# 50 Examples of Null Hypotheses

A null hypothesis is a theory that is currently unproven but may still be true.

The term “null” refers to the fact that there is no expected difference between two groups or phenomena being examined under this type of hypothesis. For instance, if you are testing whether men and women had different heights on average, a null hypothesis would be: there was no expected difference between these two variables (i.e., their height) when looking at them together – hence the name “null.”

Every null hypothesis (H 0) usually has a corresponding alternative hypothesis tested to prove the former true or false.

The process of writing a null hypothesis happens in these two steps:

- Stating a question
- Re-stating the question to show a non-correlation between variables

## Top 50 Null Hypotheses Examples

**Example 1**

Question: Does someone’s height affect their ability to play basketball?
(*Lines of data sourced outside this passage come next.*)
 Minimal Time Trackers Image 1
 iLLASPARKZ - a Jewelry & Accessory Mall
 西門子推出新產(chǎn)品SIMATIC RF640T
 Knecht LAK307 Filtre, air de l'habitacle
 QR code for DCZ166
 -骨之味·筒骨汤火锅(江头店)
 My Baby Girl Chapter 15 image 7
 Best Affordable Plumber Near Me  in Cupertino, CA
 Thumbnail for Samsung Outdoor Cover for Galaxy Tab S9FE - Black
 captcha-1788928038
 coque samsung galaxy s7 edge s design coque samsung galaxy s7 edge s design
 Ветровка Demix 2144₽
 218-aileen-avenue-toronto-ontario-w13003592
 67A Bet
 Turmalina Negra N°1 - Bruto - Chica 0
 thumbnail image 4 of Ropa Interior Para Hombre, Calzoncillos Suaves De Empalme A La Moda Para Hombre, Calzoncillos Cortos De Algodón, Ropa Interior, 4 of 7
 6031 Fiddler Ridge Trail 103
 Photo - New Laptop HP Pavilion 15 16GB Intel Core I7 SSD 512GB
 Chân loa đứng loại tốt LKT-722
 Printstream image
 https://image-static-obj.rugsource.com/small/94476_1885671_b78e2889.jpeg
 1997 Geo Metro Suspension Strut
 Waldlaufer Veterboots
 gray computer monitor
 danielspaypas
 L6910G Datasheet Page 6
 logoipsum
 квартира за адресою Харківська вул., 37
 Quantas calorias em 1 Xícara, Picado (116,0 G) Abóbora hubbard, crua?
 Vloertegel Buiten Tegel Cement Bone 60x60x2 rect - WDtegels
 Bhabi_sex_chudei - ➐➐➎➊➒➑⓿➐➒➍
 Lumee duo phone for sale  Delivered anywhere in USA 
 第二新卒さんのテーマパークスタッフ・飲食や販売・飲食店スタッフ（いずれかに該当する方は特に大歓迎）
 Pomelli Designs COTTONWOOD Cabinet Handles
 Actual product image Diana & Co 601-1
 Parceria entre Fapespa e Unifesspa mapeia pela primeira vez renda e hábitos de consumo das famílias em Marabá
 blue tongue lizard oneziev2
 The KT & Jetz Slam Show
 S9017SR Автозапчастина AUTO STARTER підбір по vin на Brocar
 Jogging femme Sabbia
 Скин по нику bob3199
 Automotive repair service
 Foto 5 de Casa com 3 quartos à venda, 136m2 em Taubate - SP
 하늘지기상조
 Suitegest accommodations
Null hypothesis: There is no correlation between height and the ability to play basketball.

**Example 2**

Question: Is there a difference between the resting metabolic rates of men and women?

Null Hypothesis: The resting metabolic of individuals is not dependent on gender

Question: Does the number of accidents in a month depend on the length of time drivers have held their licenses?

Null Hypothesis: There is no correlation between the number of accidents in a month and how long drivers have held their licenses.

**Example 4**

Question: Is there a relationship between people’s political leanings (conservative, moderate, liberal) and their views on trade unions?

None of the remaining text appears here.